Ray Parker Jr. won the suit that Huey Lewis and the News filed against him for the Ghostbusters tune. It was proposed that it sounded too much like I Want A New Drug. If you listen to the key rhythm part in the Ghostbusters tune and then listen to the guitar line in I Want A New Drug, you can quickly see a rather strong similarity. There is no such similarity between the Norah Jones song and the other one.
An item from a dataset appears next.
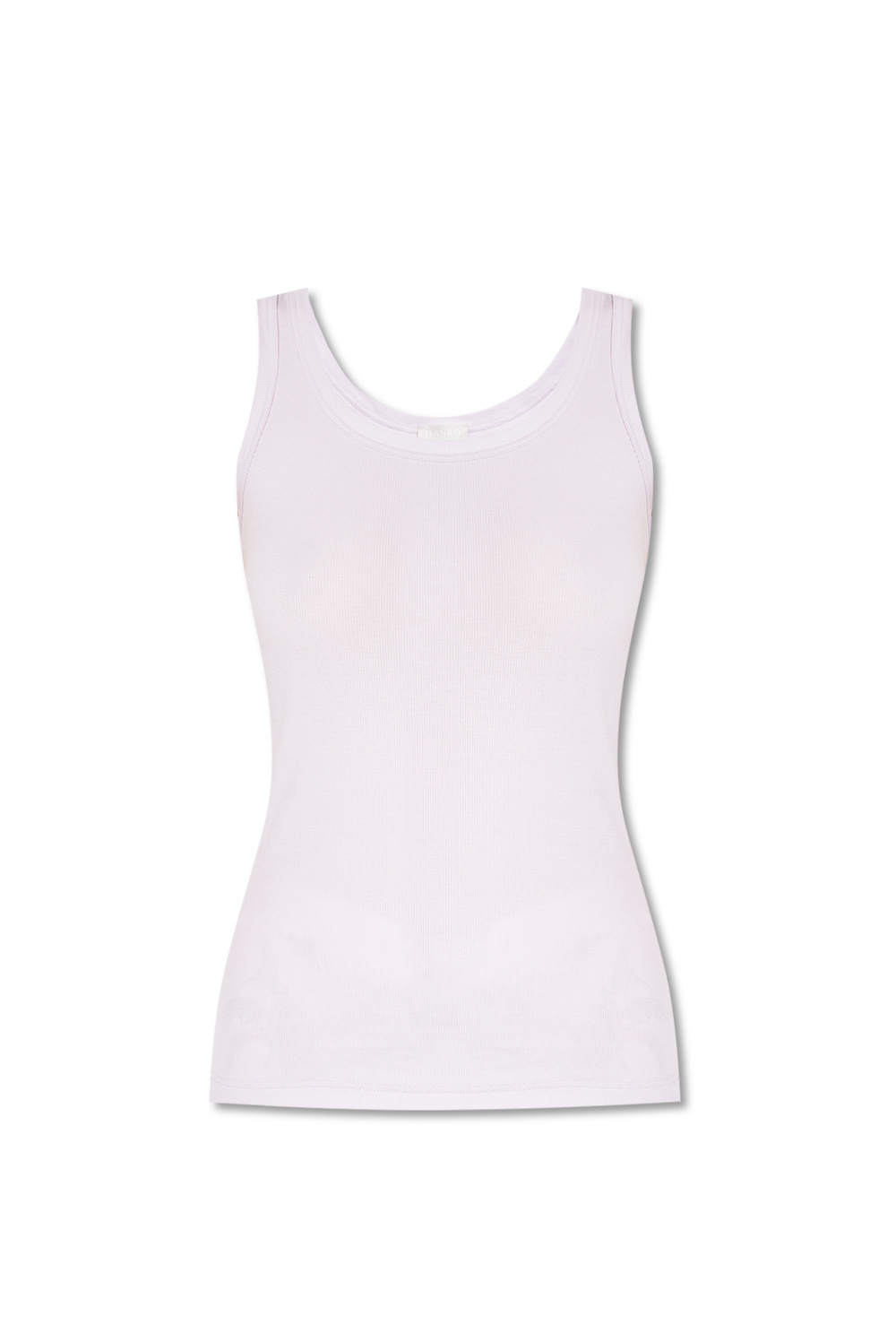 Hanro Ribbed tank top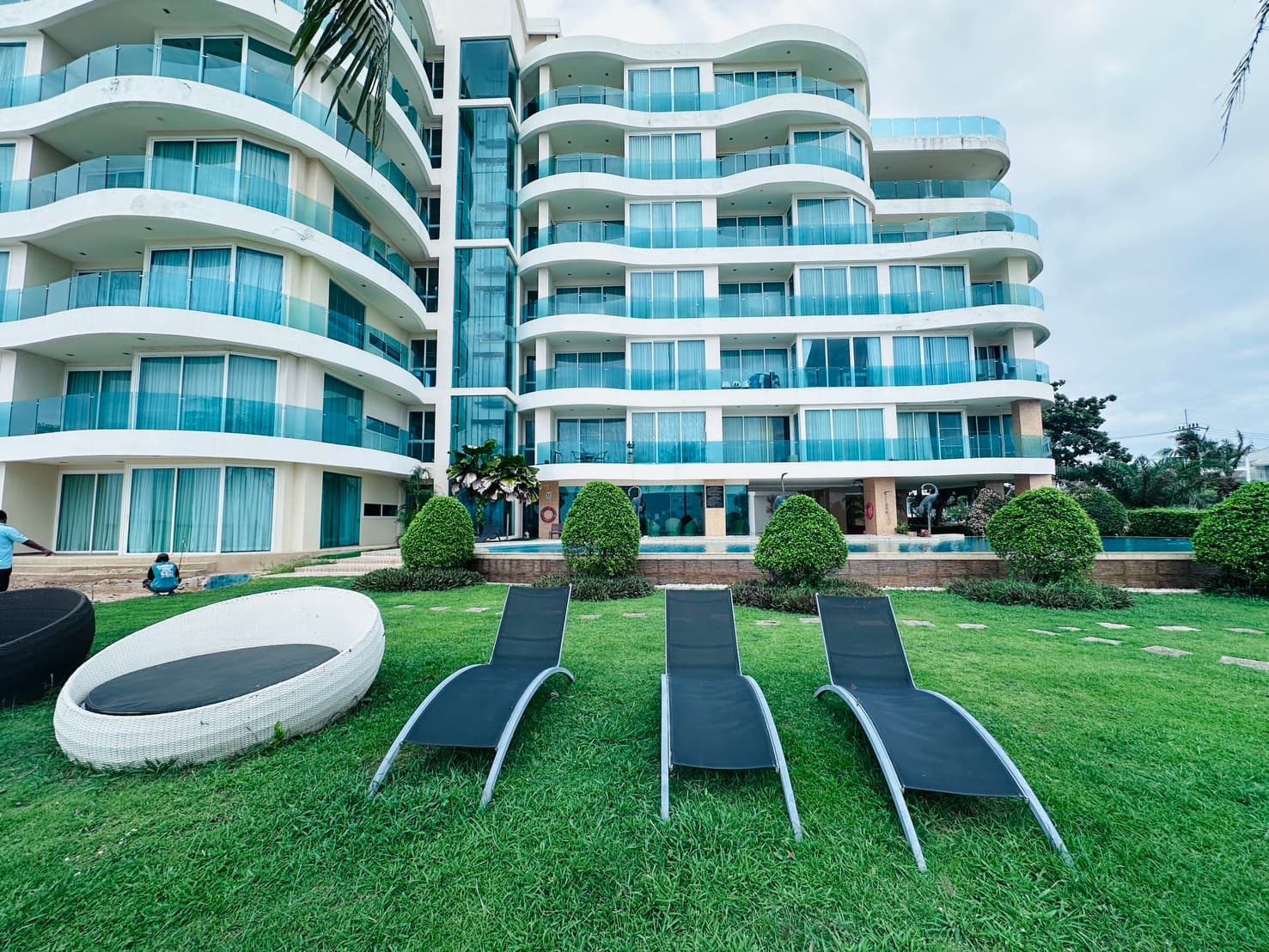 ขายด่วน! Paradise Ocean View พัทยา ชั้น 6 (วิวทะเล 2 ด้าน) ต่ำกว่าราคาตลาด — รูปที่ 31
I’m not a professor of music or a professional critic, but I did take
2 years of Music Theory in college and have been a casual musician for 30 years. It doesn’t take schooling to determine this, though, just a good ear.The website says that when the songs are layered over each other simultaneously they should cancel each other out. They obviously have no clue what they’re talking about. The only case where this would occur is if an identical sound track was phase reversed and played with the in phase version simultaneously. What would result then would be total silence. But they state that since it DOESN’T cancel out it’s a copy. They might want to pick up a book on rudimentary physics of sound. Their position is so utterly preposterous it could be construed as libel.
Dan Ray says,
The fact is that the first four notes of the main melodic phrase of each song is identical, though, granted, in different keys. The first time I heard “Don’t Know Why”, I heard strong echoes of the classic Vince Guaraldi tune. In fact, my wife had to slug me to keep me from singing “Christmas time is here” over Norah’s vocals on every verse. Is it a deliberate rip-off? I doubt it. Though it is a fairly unique melodic construction, they go in quite opposite directions after those first four notes. You can’t copyright four notes of a melody. And Vince was a cool enough guy, I’m sure his estate will lay off the lawyers.
Christopher Null says,
Ray Parker Jr. did not “beat” Huey Lewis re: the Ghostbusters theme. It was settled out of court — and since Lewis was suing Parker, that almost certainly means Parker paid him off. In other words, he pretty much lost.
Lance McCord says:
That’s not quite right. People settle suits that they might win if it looks like a good deal, considering the likely cost of litigation (which ain’t cheap), the cost of settlement, the chance of winning, and other considerations (like reputation, ego, whatnot). The “pretty much” is carrying a lot of weight in Null’s third sentence.